How do you get all three generations to feel engaged and excited about your cause, and support your organization? Approach us as we’d like to be approached.
- Leah Donelan, vice president of programs for the Nonprofit Center of Northeast Florida, says nonprofits are doing well with Gen Xers and Millennials by creating “groups targeted toward young people, starting Twitter accounts and holding less-expensive-than-a-gala evening social events.”
- A veterans group in Southern California is experimenting with what they call generational marketing to reach not only Vietnam and Gulf War vets, but veterans of Iraq and Afghanistan too. “Something as simple as colors and fonts can be the difference in whether or not our messages resonate with our intended audience.”
- A group in Somerville, Massachusetts where I live is inviting its supporters to tell stories about how the city has changed in the last twenty-five years.

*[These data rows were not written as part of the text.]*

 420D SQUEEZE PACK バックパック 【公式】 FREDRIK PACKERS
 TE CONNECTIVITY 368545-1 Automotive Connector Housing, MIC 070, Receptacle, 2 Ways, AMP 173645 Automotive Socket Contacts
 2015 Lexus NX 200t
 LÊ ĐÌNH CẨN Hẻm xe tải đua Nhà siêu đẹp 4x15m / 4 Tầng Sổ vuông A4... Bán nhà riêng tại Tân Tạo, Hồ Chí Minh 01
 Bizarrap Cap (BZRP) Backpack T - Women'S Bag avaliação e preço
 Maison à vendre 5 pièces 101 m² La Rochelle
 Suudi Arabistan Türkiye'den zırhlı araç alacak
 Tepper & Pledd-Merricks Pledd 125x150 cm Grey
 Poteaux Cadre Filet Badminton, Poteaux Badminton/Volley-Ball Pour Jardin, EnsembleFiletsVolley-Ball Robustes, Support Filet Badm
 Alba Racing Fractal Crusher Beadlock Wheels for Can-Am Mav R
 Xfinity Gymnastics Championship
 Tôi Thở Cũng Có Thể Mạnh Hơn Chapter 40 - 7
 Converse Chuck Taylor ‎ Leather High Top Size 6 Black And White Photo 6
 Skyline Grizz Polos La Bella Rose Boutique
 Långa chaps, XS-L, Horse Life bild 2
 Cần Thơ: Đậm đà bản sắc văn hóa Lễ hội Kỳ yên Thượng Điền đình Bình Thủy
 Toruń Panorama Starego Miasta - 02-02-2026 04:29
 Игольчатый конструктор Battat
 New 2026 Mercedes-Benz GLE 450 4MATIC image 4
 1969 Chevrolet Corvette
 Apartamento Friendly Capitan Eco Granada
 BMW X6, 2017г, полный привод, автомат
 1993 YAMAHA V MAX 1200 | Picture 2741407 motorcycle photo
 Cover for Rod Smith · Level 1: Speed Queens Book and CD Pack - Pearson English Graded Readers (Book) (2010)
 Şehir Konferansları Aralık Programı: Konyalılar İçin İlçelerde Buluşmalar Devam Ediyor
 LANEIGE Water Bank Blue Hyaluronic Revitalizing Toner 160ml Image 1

That gives Boomers like me the chance to share our experience and the wisdom we feel we have acquired, and it gives us the sense that the organization is paying attention to us: something we value highly.
But don’t stereotype.
No generation is all alike. A shy Boomer may not want to tell you his story. A Gen Xer who has a grandparent active in the community be a “joiner” like him. A millennial who wishes she had been born in the 1960’s may happily organize a march and shudder at the thought of doing crowdfunding, even for an organization she cares about.
You need to consider generational preferences when you approach your donors. But you need to go beyond that and really know them as individuals. You can succeed at engaging people from all three generations (and older, and younger!) if you know what really moves them.
“All you need is love,” I say. “And a good database,” Lauren adds. “And see you on social media!” says Katie.